Türkiye Cumhuriyeti Cumhurbaşkanlığı İletişim Başkanlığı, gündem bilgilendirme raporlarıyla koronavirüs süreci hakkında toplumu sürekli aydınlatıyor.
Bölgede ve dünyada öne çıkanlar, ulusal makamlardan resmi açıklamalar ve uluslararası medya yansımaları konusunda detaylı bilgiler veriyor. İletişim Başkanlığı'nın değerlendirme kısmındaki yorum ve analiz, yeni tip koronavirüs (Kovid-19) salgınına karşı tüm dünya çok ciddi bir savaş verildiğini gözler önüne seriyor.
*****
Analizde, "Salgının ne kadar süreceği belirsizliğini korurken, Kovid 19 ülkeleri hem sağlık hem psikolojik hem de ekonomik açıdan ciddi bir biçimde zorlayacak gibi gözüküyor. Hiçbir ülkenin zarar almadan çıkamayacağı artık belli olan bu salgına realist yaklaşıp en az hasarla atlatmaya çalışmalıyız. Bu süreçte ancak tedbirlerini erkenden alıp salgının ciddiyetinin farkında olan ülkeler zararı minimize edebilir. Türkiye, virüs tehlikesini en baştan beri ciddiye alan ve gerekli tedbirleri her anlamda uygulayan ülkelerin başında geliyor." deniliyor.
*****
Türkiye'de çok ciddi çalışmaların özenle yapıldığını vurgulayan analizde, "Avrupa ülkelerinin yeni tip koronavirüs (Kovid-19) salgınının yayılmasını önlemeye yönelik kitlesel ölçekteki tedbirleri, kendi ülkelerinde ilk vakaların ortaya çıkmasının ardından geçen 39 ila 54 günde almaya başladıkları görülürken, Türkiye’nin ilk birkaç gün içinde hareket geçmesi bu ciddiyetin en önemli göstergesi. Türkiye’nin salgına karşı mücadelede bir diğer avantajı ise açıkça fark yaratan sağlık çalışanlarıdır. Bilgileri ve tecrübelerinin yanı sıra tüm özverilerini ortaya koyan sağlık çalışanlarımız, Şehir Hastaneleri gibi her türlü imkânı içerisinde barındıran modern sağlık merkezlerinde virüsle mücadelelerini sürdüreceklerdir. Türkiye’nin, tüm dünyayı derinden sarsan bu salgına karşı mücadelesini ancak devlet-millet ortaklığıyla başarıyla tamamlayabileceği akıllardan çıkarılmamalıdır." ifadesi yer alıyor.
*****
Bu analizin ardından bize düşen ne?
Bize düşen böyle önemli bir süreçte her zamankinden daha fazla kenetlenmek, birlik ve beraberlik içerisinde dik durmaktır.

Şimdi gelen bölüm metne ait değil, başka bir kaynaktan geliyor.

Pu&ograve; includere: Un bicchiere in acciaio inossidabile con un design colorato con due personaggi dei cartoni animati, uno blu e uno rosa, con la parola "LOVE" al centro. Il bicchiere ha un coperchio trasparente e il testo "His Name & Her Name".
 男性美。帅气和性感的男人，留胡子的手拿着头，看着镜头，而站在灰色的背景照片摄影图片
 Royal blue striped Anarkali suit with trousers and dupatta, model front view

Çünkü İletişim Başkanlığı yaşanan süreci çok iyi analiz ederken, gelişmeleri de toplumla paylaşıyor. Akıllardaki soru işaretlerini gideriyor. Bir anlamda bilgi kirliliğinin önüne geçiyor.
Koronavirüs konusunda o kadar çok bilgi kirliliği yaşanıyor ki, sosyal medya paylaşımlarına baksanız hasta değilseniz bile siz de hasta olursunuz.
Vücudunuzda korona virüsü yoksa bile o sosyal medya paylaşımlarındaki bilgi kirliliği yüzünden psikolojiniz bozulur.
*****
Bakın, siz evlerinizde rahat rahat otururken belki sabahlara kadar uykusuz kalan bir valisi var bu kentin. Vali Mahmut Demirtaş, aynı İletişim Başkanlığı'nda olduğu gibi süreç hakkında anı anına bilgilendirmeler yapıyor. Bilgi kirliliği karşısında aynı anda gerçekleri açıklayan bilgiler veriyor.
Halka 'sokağa çıkmayın' derken, halkın sorunlarıyla ilgilenmekten evine bile gidemeyen Vali Mahmut Demirtaş, koronavirüs salgınının artmaya başlamasından bugüne kadarki süreçte örnek bir devlet adamlığı sergilemesiyle dikkat çekiyor.
İşte tam bu noktada bize düşen, evimizden dışarı çıkmamaktır. Ailemizin sağlığını ve birliğini korumaktır. Bizden istenilen kurallara uymaktır. Devletin resmi kanallarından yapılan açıklamaları iyi takip etmektir. Bize düşen, her zamankinden daha çok kenetlenip, komşumuza sahip çıkmaktır.
Yoksa sosyal medyadaki bilgi kirliliğine kapılıp gidersek, onların değirmenine su taşırsak; bu aziz millete inanın virüsten daha çok zarar vermiş oluruz.